Gov. Scott moves ahead with plan to redirect school safety money, despite opposition from legislative leaders

by | Aug 31, 2018

Gov. Rick Scott is going against the wishes of legislative leaders and is asking the state’s Joint Legislative Budget Commission to transfer $58 million in money from the Coach Aaron Feis Guardian Program to school districts for additional school safety.

The guardian program is part of the school safety package lawmakers passed following the Parkland school shootings earlier this year. Lawmakers set aside $67 million to deputize and train certain school staff to carry firearms to provide additional security on school campuses. The program was named for a football coach who died while trying to save students during the Parkland shootings,

But a survey of school districts shows only $9 million dollars of that money has been used and Scott now wants to transfer the rest of the money to allow school districts to use the funds to help pay for additional school safety officers. The governor sent a letter late Thursday asking the Legislative Budget Commission, which is made up legislators from both chambers and has the authority to make budget decisions, to transfer the money.

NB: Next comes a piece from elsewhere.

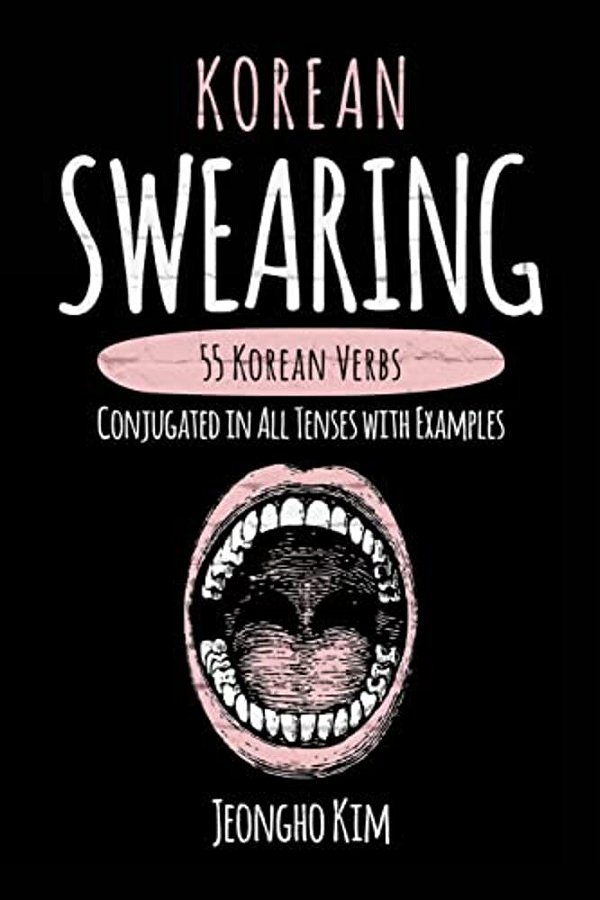 Korean Swearing: 55 Korean Verbs Conjugated In All Tenses With Examples-..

“When I signed the Marjory Stoneman Douglas High School Public Safety Act,” Scott wrote to commission members. “I made it clear that any unused funding for the voluntary guardian program should be redirected to hire additional safe-school officers this year.”

Scott says if the money isn’t transferred by the commission it will sit in the budget and unused until next year, while local schools struggle to pay for safe-school officers to patrol school campuses.

The incoming leaders of the Senate and House, Sen. Bill Galvano, R-Bradenton, and Rep. Jose Oliva, R-Hialeah, have spoken out against Scott’s proposed transfer of guardian program funds. They say the program  need time to grow and the money should remain in the guardian program.

“Any new idea takes time for people to accept,” Oliva told the Associated Press last week. “When school resource officers were first mentioned as a possibility at schools, the big outcry was ‘never in my school.’ Today the outcry is for a police officer in every school.”

“We cannot let this money go to waste in Tallahassee,” Scott wrote in his letter to the commission..

“This is not the right decision for the safety of our children and grandchildren,” Scott added.

Currently, the Joint Legislative Budget Commission has no meetings scheduled.